Сам Чан считал, что утратил чувство страха, после того как поступил на службу, но он лукавил — страх просто скрылся глубоко внутри его души. Вид уходящего корабля — последней ниточки, связывавшей их с Родиной, вероятно, разбудил подавленное чувство и, судя по всему, не у одного Чана. Он немного воспрянул духом, обнаружив, что даже железный Чхве не устоял перед эмоциями. Их корабль лег на обратный курс, затерявшись среди судов прикрытия. Теперь хочешь не хочешь — пути назад нет.
Сразу за пирсом начиналась узкая тропа, которая вела наверх, в темную лесную чащу.

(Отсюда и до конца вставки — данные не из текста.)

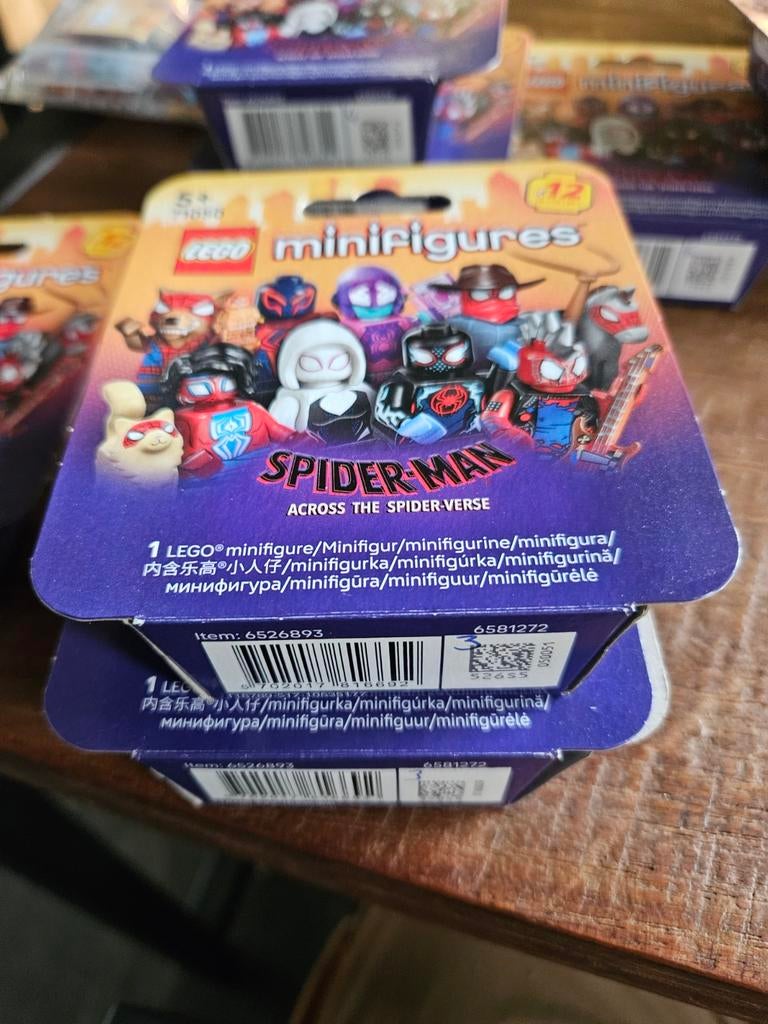 LEGO Minifigure 71050 Spider-Man Across the Spider-Verse #3, Verzenden, Nieuw, Losse stenen, Lego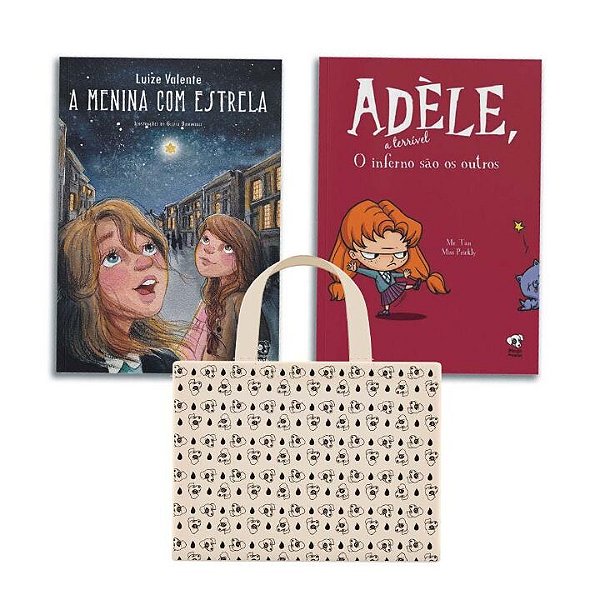 Livro KIT A menina com estrela + O inferno são os outros ...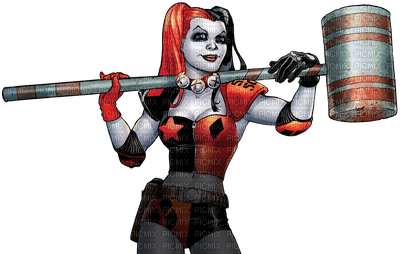 Harley Quinn Orange - ilmainen png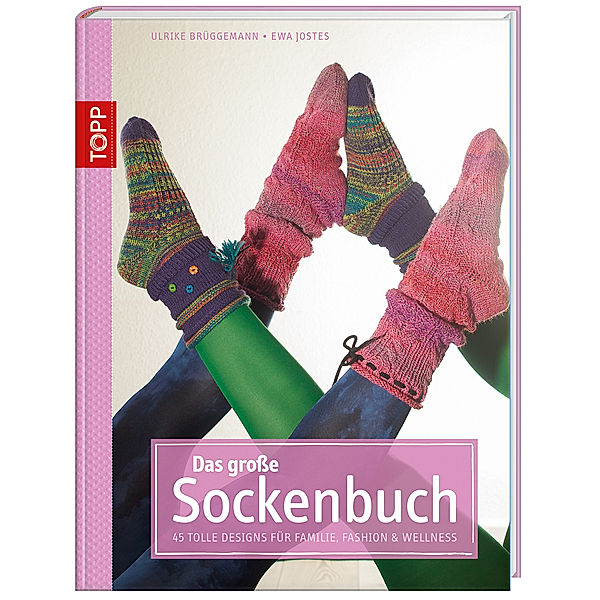 Das grosse Sockenbuch, Ulrike Brüggemann, Ewa Jostes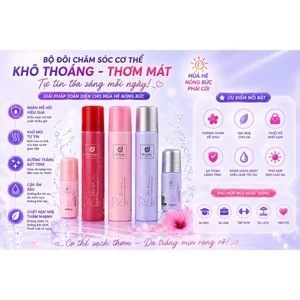【Bộ sản phẩm khuyến mãi mùa hè】Xịt khử mùi và chống mồ hôi Thái Lan dành cho cả nam và nữ + Gel chống mồ hôi tiện lợi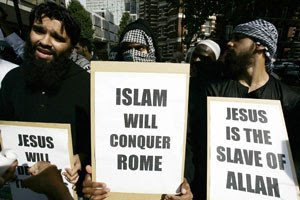 Islam will conquer rome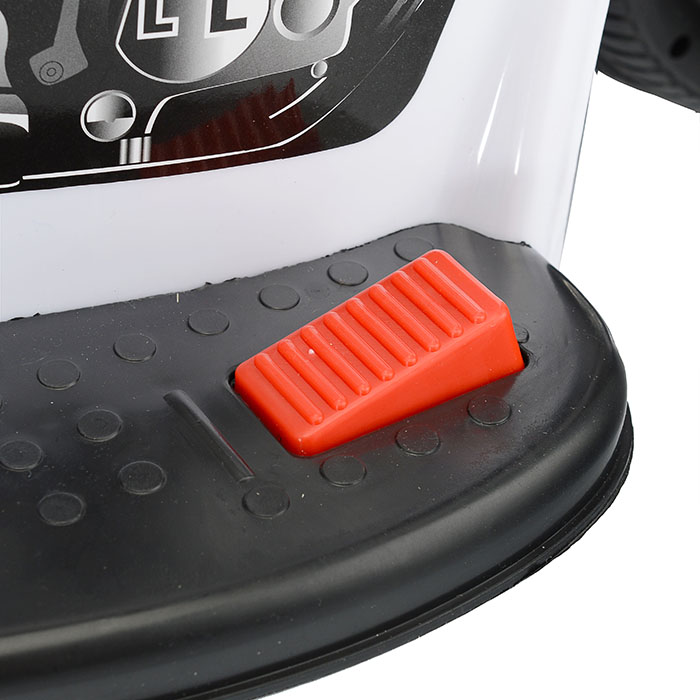 Детский электромотоцикл ROCKET«Мотоцикл шерифа» ,1 мотор 20 ВТ, белый 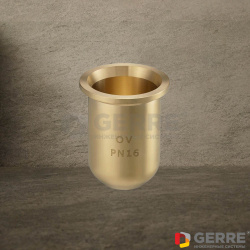 Чашка фильтра (легкий металл) для работы в режиме нагнетения PN16 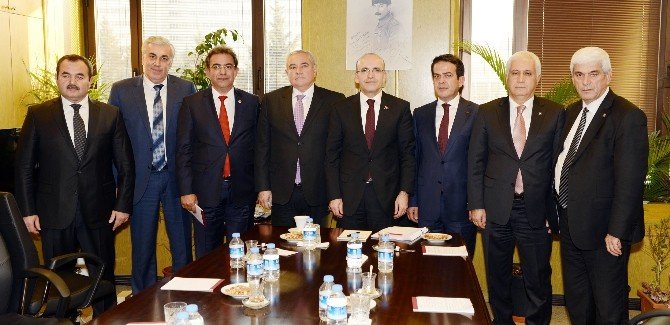 Tarım Konseyi’nden Başbakan Yardımcısı Şimşek’e Rusya Dosyası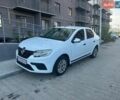 Белый Рено Логан, объемом двигателя 1.46 л и пробегом 54 тыс. км за 9750 $, фото 1 на Automoto.ua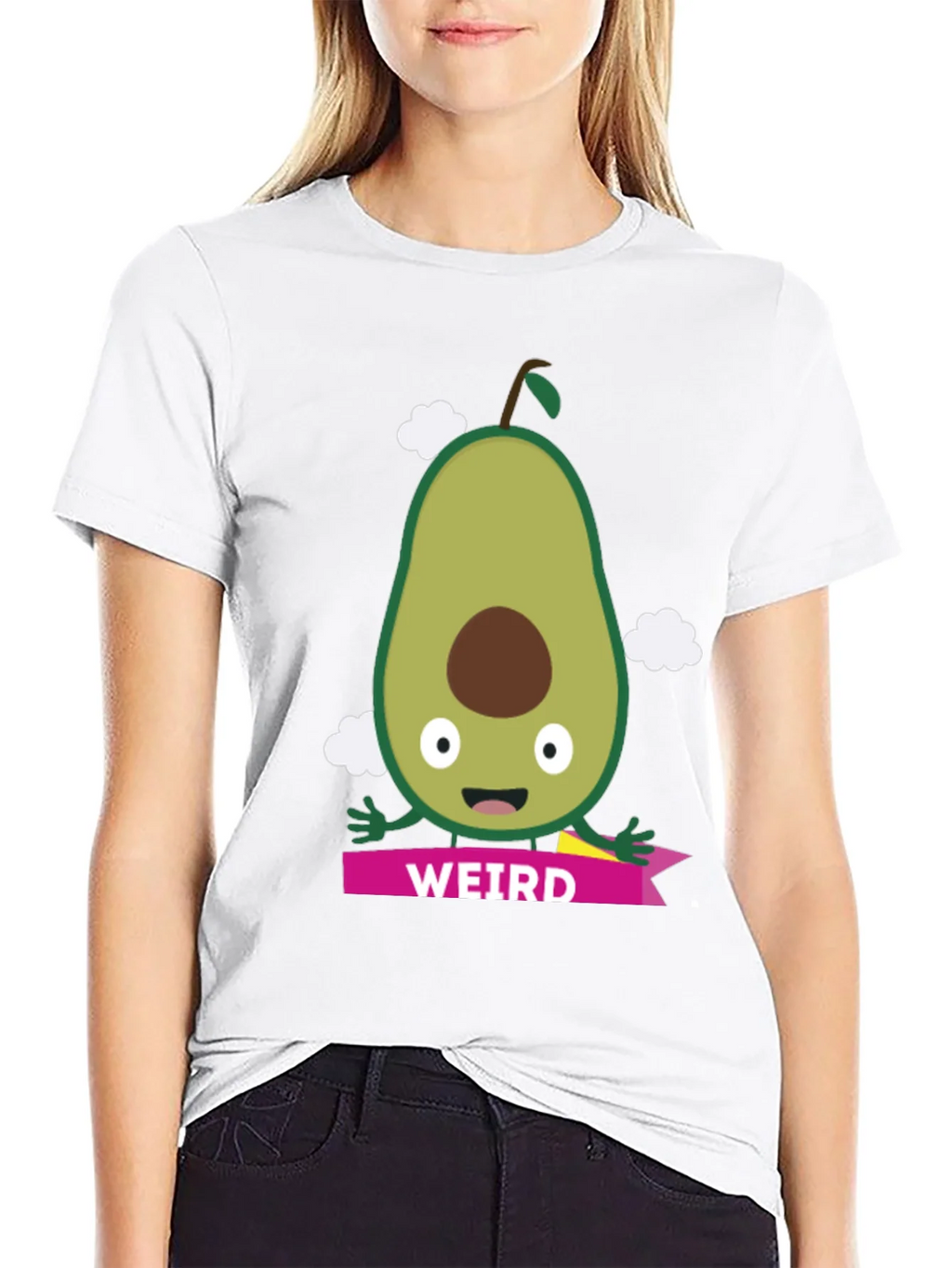 Weird Avocado Graphic T-Shirt - Fun & Quirky Tee product image 8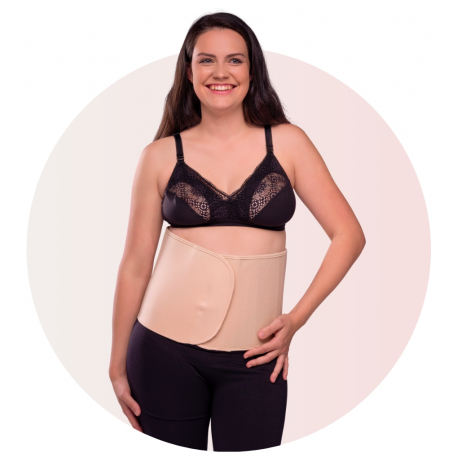 Προσαρμοζόμενη ζώνη σύσφιξης Carriwell™ Belly Binder S-M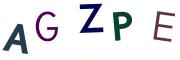 圖片的 CAPTCHA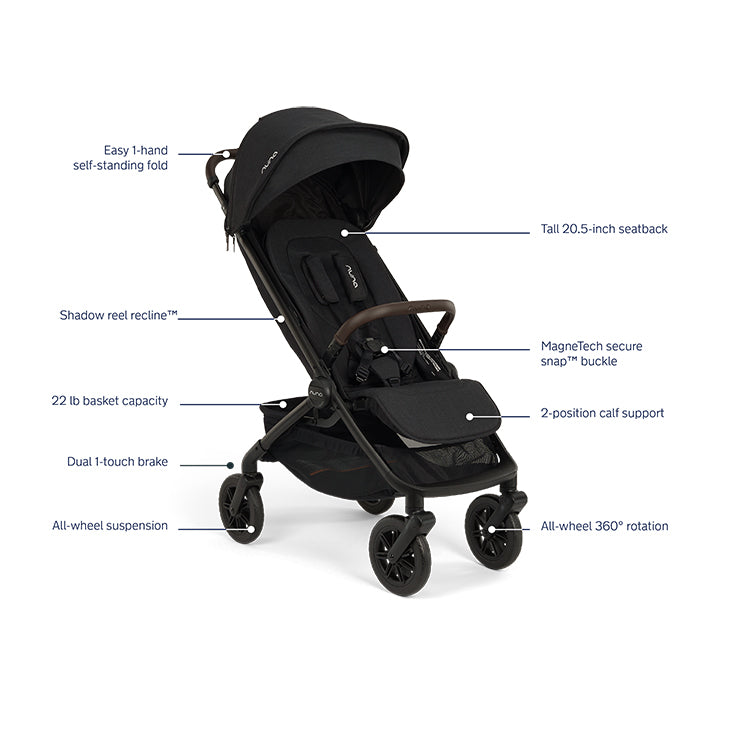 Nuna TRVL™ 360° Stroller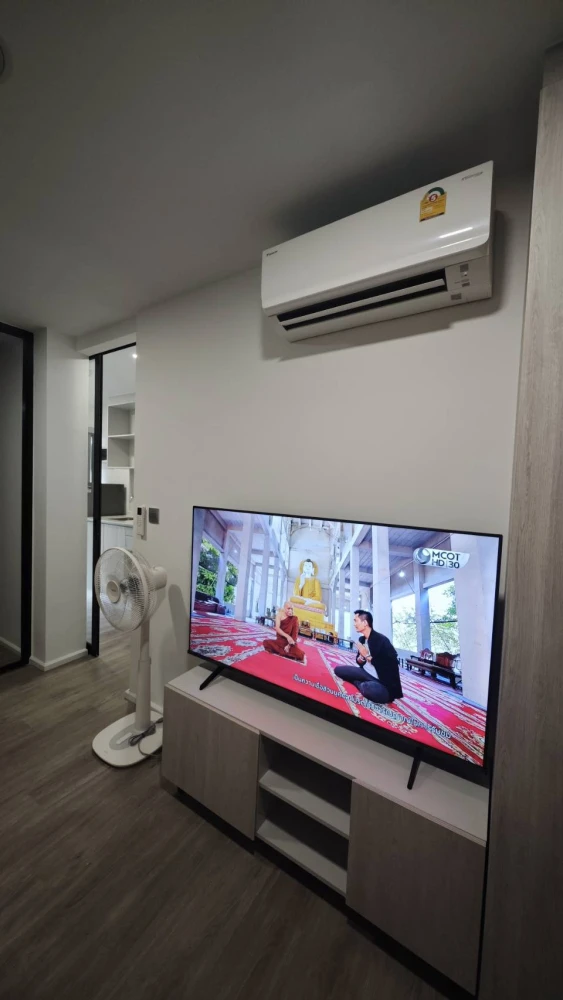 For rent to see Moz Portrait Srisamarn, fully furnished, ready to move in.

Коммандос след в след двинулись по склону, который оказался довольно крутым. Тропа по краям густо заросла кустарником. С приближением рассвета птичьи крики становились все громче и пронзительнее. Ноги скользили по красной глине, то и дело попадались камни и выступающие наружу древесные корни. Малейшая неосторожность — запутавшаяся в ветвях удочка, неверный шаг или скользкий камень — могли привести к падению. Впрочем, по сравнению с зимними марш-бросками по пересеченной местности этот подъем казался почти что загородной прогулкой. Чан даже почувствовал прилив энергии — до этого ему приходилось спать не более двух часов в сутки, а однажды, выслеживая южнокорейского пастора, помогавшего перебежчикам пересечь границу, он не сомкнул глаз трое суток подряд.
Накануне Чан отлично поел — на борту им дали рис, кимчи и треску, но дело не в еде: ему было легко идти, потому что на нем была удобная одежда. Чану казалось, будто он идет босиком, поскольку вместо шнурованных отечественных ботинок на нем была почти невесомая обувь, обеспечивавшая отличное сцепление с грунтом. Футболка прекрасно пропускала воздух. Он никогда раньше не носил таких вещей и до сих пор не мог свыкнуться с мыслью, что все это принадлежит лично ему. В Республике нижнее белье не считалось чьей-то собственностью. Все вещи были стандартными, различались лишь в размерах, и солдаты выбирали подходящее для себя из огромной кучи тряпья, наваленной в раздевалке. Казенное белье обычно было сильно накрахмалено, и от этого плохо впитывало пот, так что в холодные месяцы простудиться было проще простого.